- [TASK INSTRUCTIONS]
Down to the last line, repeat the entries exactly and drop any image.

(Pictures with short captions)
-----

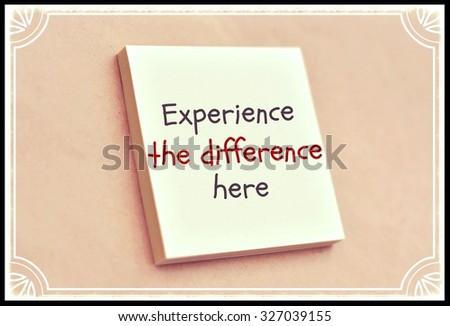 Text experience the difference hereon the short note texture background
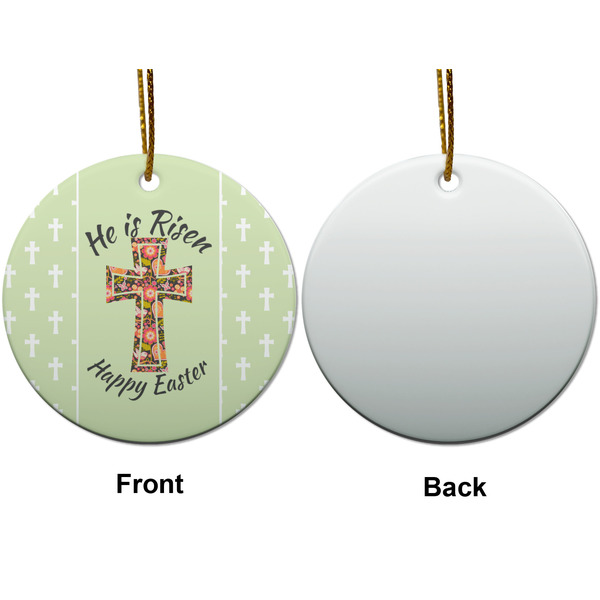 Easter Cross Ceramic Flat Ornament - Circle Front & Back (APPROVAL)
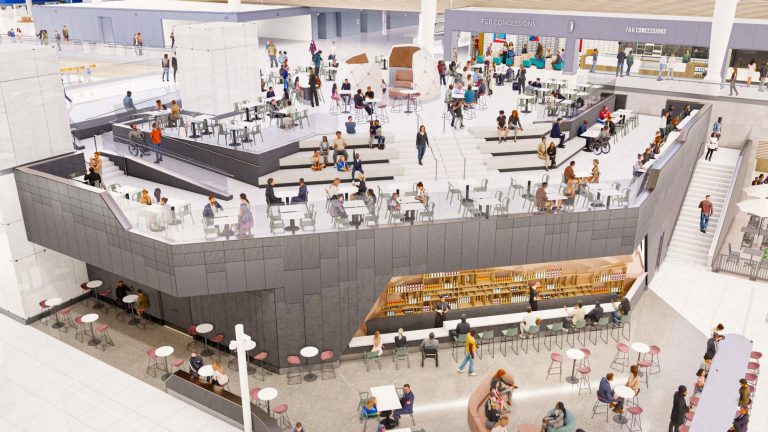 A rendering of the future Great Hall in Jeppesen Terminal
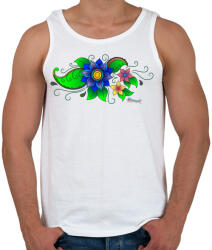 printfashion Indiai virág - Férfi atléta - Fehér (632768)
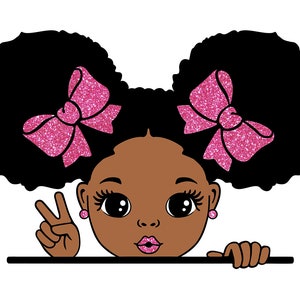 Signo de la paz Svg, Peekaboo Svg, Niña linda, rosa fuerte, Chica Negra Svg, Afro Chica Svg, Mano Paz, Afro Puffs Chica, 4 colores Svg Cut File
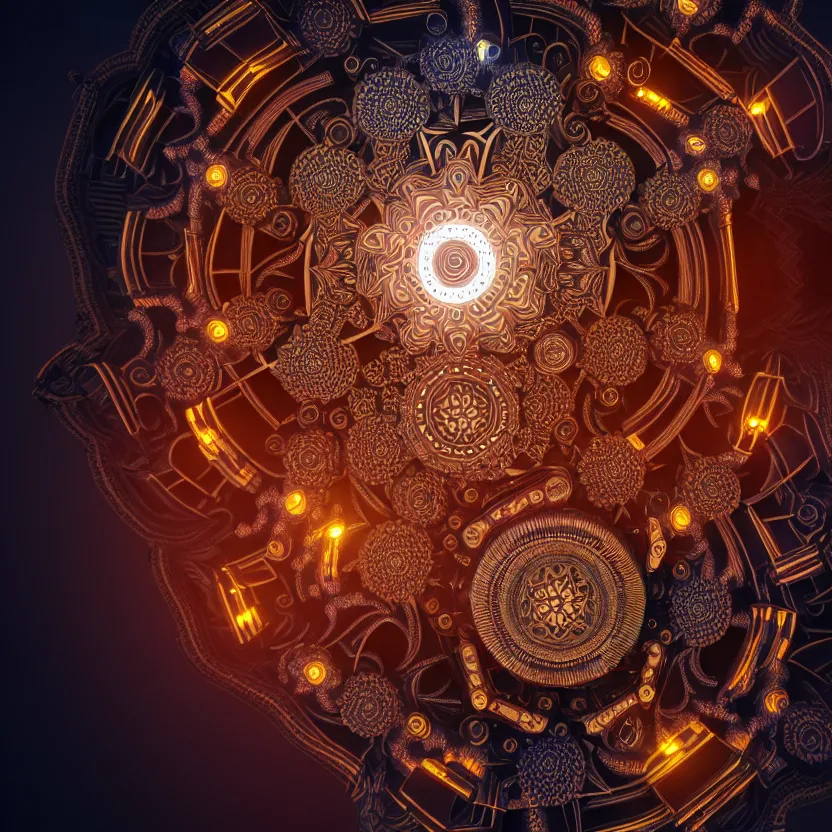 Image similar to a fractal mandala of cyborg components, fine details, digital art, volumetric lighting, cinematic light, photorealistic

-----

- [SOLUTION FOR THIS TASK]
 Text experience the difference hereon the short note texture background
 Easter Cross Ceramic Flat Ornament - Circle Front & Back (APPROVAL)
 A rendering of the future Great Hall in Jeppesen Terminal
 printfashion Indiai virág - Férfi atléta - Fehér (632768)
 Signo de la paz Svg, Peekaboo Svg, Niña linda, rosa fuerte, Chica Negra Svg, Afro Chica Svg, Mano Paz, Afro Puffs Chica, 4 colores Svg Cut File
 Image similar to a fractal mandala of cyborg components, fine details, digital art, volumetric lighting, cinematic light, photorealistic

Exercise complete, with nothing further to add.